無菌室とはこんなところ
室料は無料
私は白血病と診断されて2日後に、化学療法(抗がん剤治療)が始まりました。
それまでは4人部屋にいて、最初の2日間ぐらいは食欲も普通にあった。
「なんだ、抗がん剤といったってたいしたことないじゃないか」なんて思った。
ところがこれが大間違いで、3日目に急に食欲がなくなり、4日目に無菌室へ移ることになった。
私は無菌室の料金が気になり、看護師さんに聞いてみた。すると、「治療に必要な措置のため、無菌室は料金がかかりません」とのこと。その点はひと安心しましたが“未知の領域”ですからね。いざ移るとなると不安でいっぱいでした。
きれいな個室
一言でいえば非常にきれいな個室。
抗がん剤の投与により、白血球が極度に減少する。そして、感染が起こりやすくなる。
白血病が他人に感染するのではなく(白血病は他人に感染しません)、白血病の人が感染を受けやすく、それが命取りになる。

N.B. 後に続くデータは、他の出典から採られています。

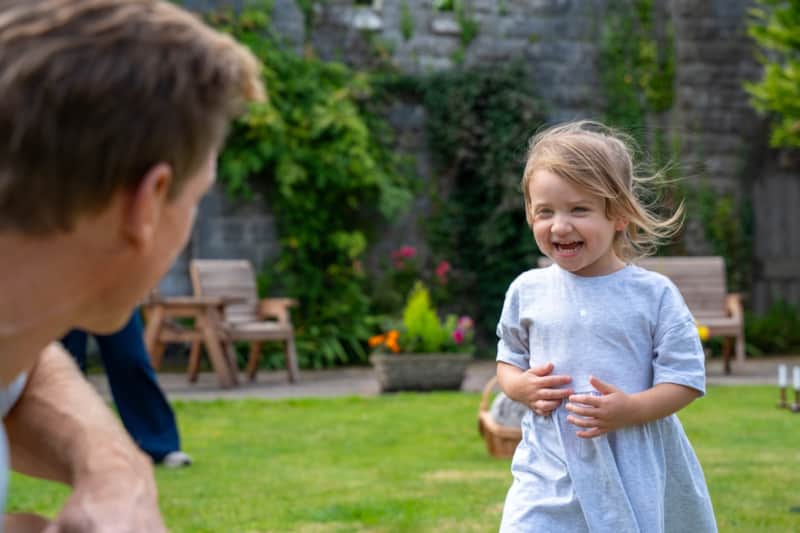 A little girl laughing on the lawn in the walled garden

空気中にある様々な雑菌によって感染症を起こしてしまう。
それを予防するための設備が整った個室の病室です。
最初は、「こんなところに入って、この先どうなっちゃうんだろう」なんて不安でしたが、意外に快適でしたね。体調のことを考えなければ。
普通の病室と違うとことは
まず、面会は原則として家族だけに限られていました。
面会者は、無菌室へ入る前にうがい、手洗いをし、キャップ、マスク、ガウンを着けます。外界からの雑菌の持ち込みを最小限にするためです。手荷物の持ち込みも、原則できません。花や果物の差し入れもダメです。
ちなみに、入院している私は普通にパジャマ姿。
室内には特別な空気清浄器があり、24時間稼働しています。空気がとてもきれいなのがわかりました。室内の清掃や備品の消毒も、係りの方が毎日念入りにやってくれるので、超清潔!洗面台もトイレもシャワーも専用です。
そういった意味では快適でしたね。
食事
抗がん剤の影響で、白血球が減少し始めると、食事は加熱食になります。
“なんでもかんでも火を通してある食事”とでもいいましょうか………。
美味しくないんです。これが。
最初のうちは、それでも体調のいい時は食べられたんです。しかし味覚障害の副作用が始まってからは、まったく食べられなくなりました。
外界から遮断された世界
しーんと静まり返った部屋に一人。一日中。
体は、日に日に衰弱していく。どんどん筋力が落ちていくのがわかる。
2週間目からは髪の毛も抜け始めた。食事も食べられない。
家族が面会に来ても、起き上がる気力もない。しゃべるのもつらい。
抗がん剤というのは、恐ろしいものです。
抗がん剤というのは、恐ろしいものです。
そういう状態になって初めて気づくんですね。「ああ、今まで自分は幸せだったんだなぁ」って。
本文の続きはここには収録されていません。